I think I'm reasonably well adjusted. I think I'm able to see things in context. There have been some very difficult moments, you know. I ended up with a few years ago with some very severe depression. I took time off work, I took meds. I think you've got to count your blessings in life and not get too tied up in things. And I had cancer a few years ago and touch wood. I've been in remission now for four and a half years, and it was quite a serious tumor. So I think that has also helped me get a sense of perspective on life because I've always been a fairly glass half full rather than half empty person, and that maybe changed for a while. And I think actually having had cancer brought back the more optimistic Jeremy.

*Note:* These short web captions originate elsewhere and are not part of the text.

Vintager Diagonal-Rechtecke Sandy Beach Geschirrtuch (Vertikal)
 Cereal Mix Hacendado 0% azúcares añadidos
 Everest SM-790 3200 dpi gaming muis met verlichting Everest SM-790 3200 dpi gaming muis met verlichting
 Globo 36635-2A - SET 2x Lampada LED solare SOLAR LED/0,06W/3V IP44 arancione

“It used to relax me, I think. Probably it was a good therapy as you drove along thinking, Well, I hope I'm not gonna get shot.”
“My father going off, disappearing for a few days and coming back with his trousers caked in this black slurry that had come down from the tip onto the village and onto the school.”
“I felt indestructible. I mean that later on changed. But at the time that was very much how I felt.”
“I was really gobsmacked actually because then when I was on air talking about it and we had just started to do live rolling news at that point at the BBC, I was asked by Peter Sissons, I was describing what had happened, and he said ... Something clicked in in my head and I said, Look, I can only go by what I have seen with my own eyes and I have seen the bodies.”
“I do feel I bear some responsibility because I decided to stop. However, had we kept going, they might have killed us all in the car.”